__ASSIGNED TASK__:
Word for word, copy out the entries below, but not the pictures in them.

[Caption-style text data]
+---+

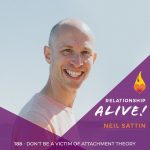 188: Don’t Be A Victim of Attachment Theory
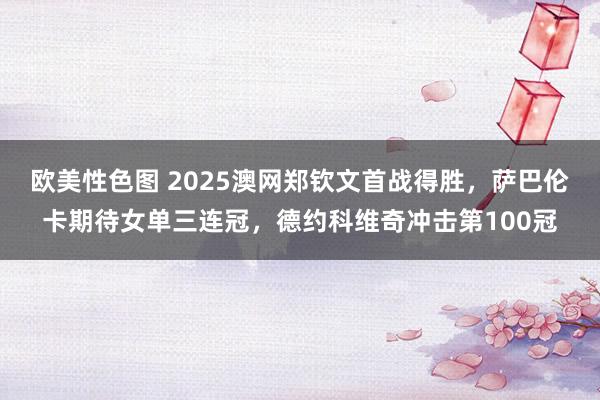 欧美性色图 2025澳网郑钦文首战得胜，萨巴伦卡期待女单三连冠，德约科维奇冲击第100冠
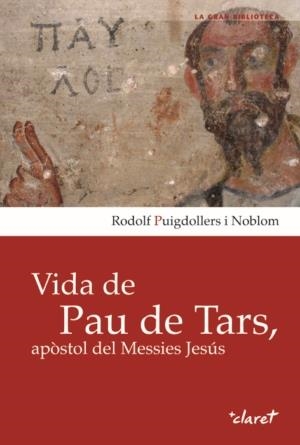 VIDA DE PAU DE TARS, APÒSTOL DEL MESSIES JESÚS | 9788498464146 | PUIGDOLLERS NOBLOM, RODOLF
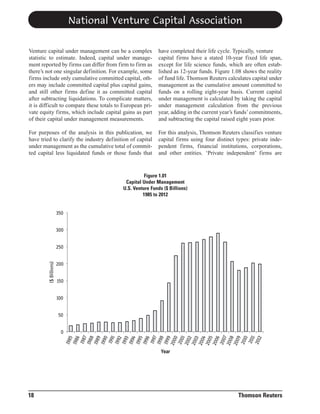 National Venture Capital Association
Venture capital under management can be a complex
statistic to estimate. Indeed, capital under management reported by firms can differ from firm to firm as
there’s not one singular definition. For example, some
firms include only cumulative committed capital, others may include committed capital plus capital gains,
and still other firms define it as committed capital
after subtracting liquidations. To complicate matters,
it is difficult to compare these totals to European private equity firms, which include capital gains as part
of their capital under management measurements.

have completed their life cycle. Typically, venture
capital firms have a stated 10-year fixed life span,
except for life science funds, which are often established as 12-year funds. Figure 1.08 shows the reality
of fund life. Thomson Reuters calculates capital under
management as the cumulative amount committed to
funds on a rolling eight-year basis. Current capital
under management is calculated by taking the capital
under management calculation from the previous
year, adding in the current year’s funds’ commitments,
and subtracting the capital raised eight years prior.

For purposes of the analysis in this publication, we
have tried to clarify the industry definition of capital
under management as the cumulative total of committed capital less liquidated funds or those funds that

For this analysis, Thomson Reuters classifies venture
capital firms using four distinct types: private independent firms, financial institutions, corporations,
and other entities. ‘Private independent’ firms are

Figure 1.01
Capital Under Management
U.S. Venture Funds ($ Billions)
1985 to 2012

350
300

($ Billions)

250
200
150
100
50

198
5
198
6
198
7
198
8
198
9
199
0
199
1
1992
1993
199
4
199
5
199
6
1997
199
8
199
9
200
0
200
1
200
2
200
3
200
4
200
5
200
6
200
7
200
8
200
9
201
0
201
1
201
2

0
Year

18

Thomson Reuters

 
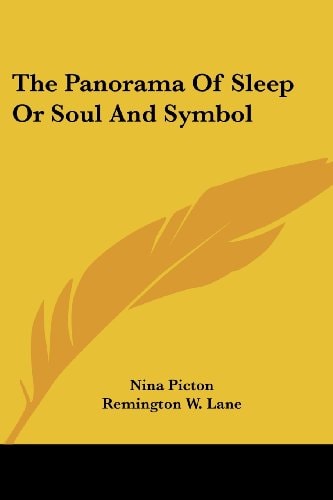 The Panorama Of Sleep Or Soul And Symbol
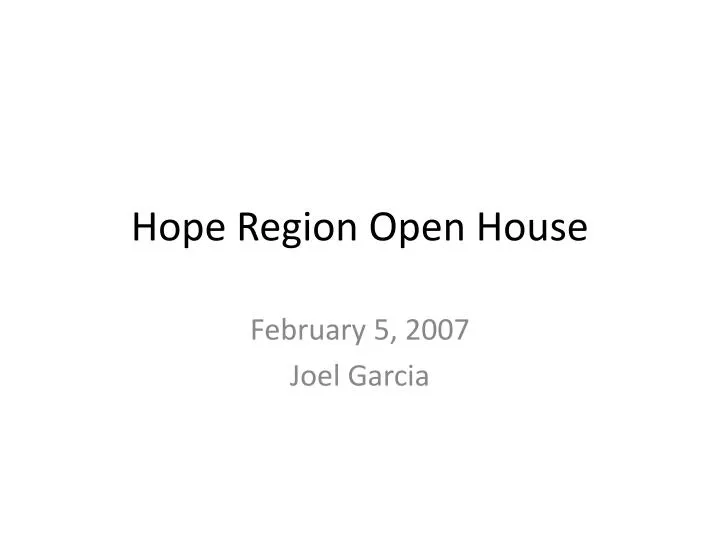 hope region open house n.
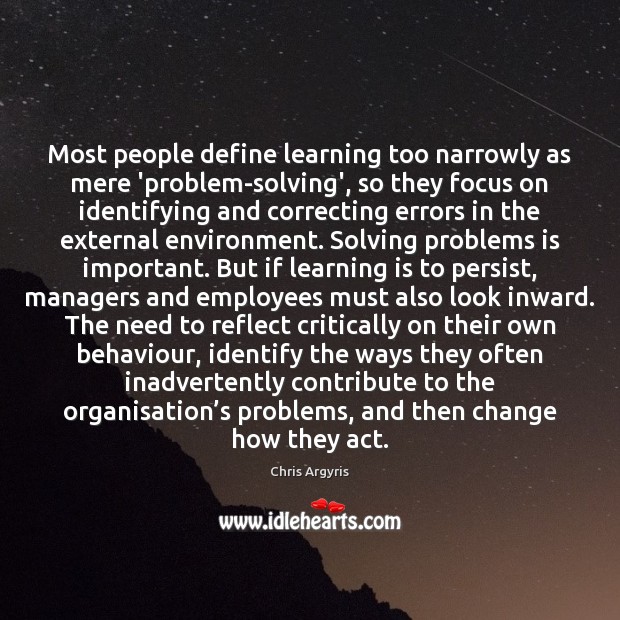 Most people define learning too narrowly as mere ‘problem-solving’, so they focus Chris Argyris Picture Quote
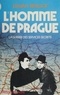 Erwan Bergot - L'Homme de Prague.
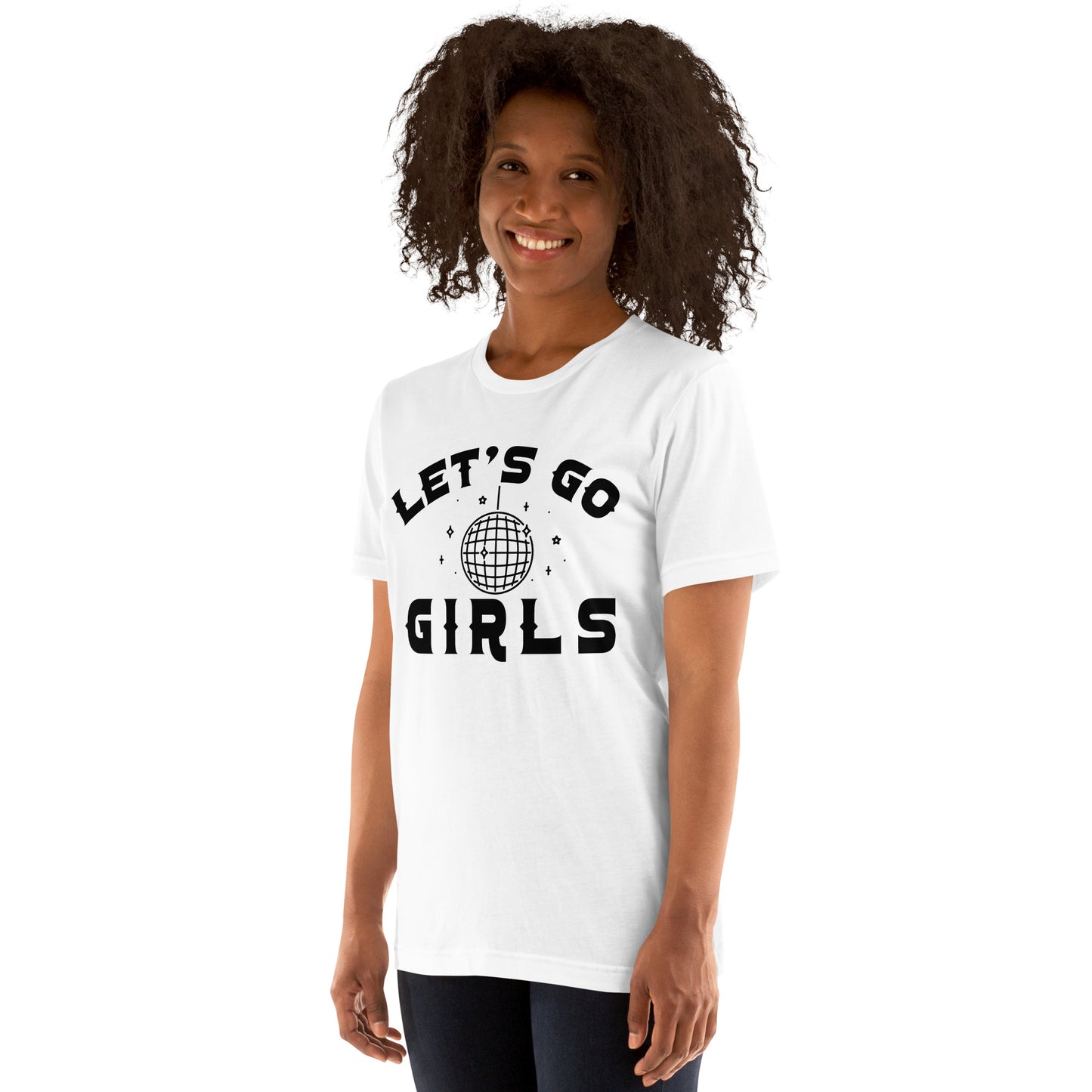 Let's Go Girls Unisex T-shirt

+---+

__OUTPUT BELOW__:
 188: Don’t Be A Victim of Attachment Theory
 欧美性色图 2025澳网郑钦文首战得胜，萨巴伦卡期待女单三连冠，德约科维奇冲击第100冠
 VIDA DE PAU DE TARS, APÒSTOL DEL MESSIES JESÚS | 9788498464146 | PUIGDOLLERS NOBLOM, RODOLF
 National Venture Capital Association
Venture capital under management can be a complex
statistic to estimate. Indeed, capital under management reported by firms can differ from firm to firm as
there’s not one singular definition. For example, some
firms include only cumulative committed capital, others may include committed capital plus capital gains,
and still other firms define it as committed capital
after subtracting liquidations. To complicate matters,
it is difficult to compare these totals to European private equity firms, which include capital gains as part
of their capital under management measurements.

have completed their life cycle. Typically, venture
capital firms have a stated 10-year fixed life span,
except for life science funds, which are often established as 12-year funds. Figure 1.08 shows the reality
of fund life. Thomson Reuters calculates capital under
management as the cumulative amount committed to
funds on a rolling eight-year basis. Current capital
under management is calculated by taking the capital
under management calculation from the previous
year, adding in the current year’s funds’ commitments,
and subtracting the capital raised eight years prior.

For purposes of the analysis in this publication, we
have tried to clarify the industry definition of capital
under management as the cumulative total of committed capital less liquidated funds or those funds that

For this analysis, Thomson Reuters classifies venture
capital firms using four distinct types: private independent firms, financial institutions, corporations,
and other entities. ‘Private independent’ firms are

Figure 1.01
Capital Under Management
U.S. Venture Funds ($ Billions)
1985 to 2012

350
300

($ Billions)

250
200
150
100
50

198
5
198
6
198
7
198
8
198
9
199
0
199
1
1992
1993
199
4
199
5
199
6
1997
199
8
199
9
200
0
200
1
200
2
200
3
200
4
200
5
200
6
200
7
200
8
200
9
201
0
201
1
201
2

0
Year

18

Thomson Reuters

 
 The Panorama Of Sleep Or Soul And Symbol
 hope region open house n.
 Most people define learning too narrowly as mere ‘problem-solving’, so they focus Chris Argyris Picture Quote
 Erwan Bergot - L'Homme de Prague.
 Let's Go Girls Unisex T-shirt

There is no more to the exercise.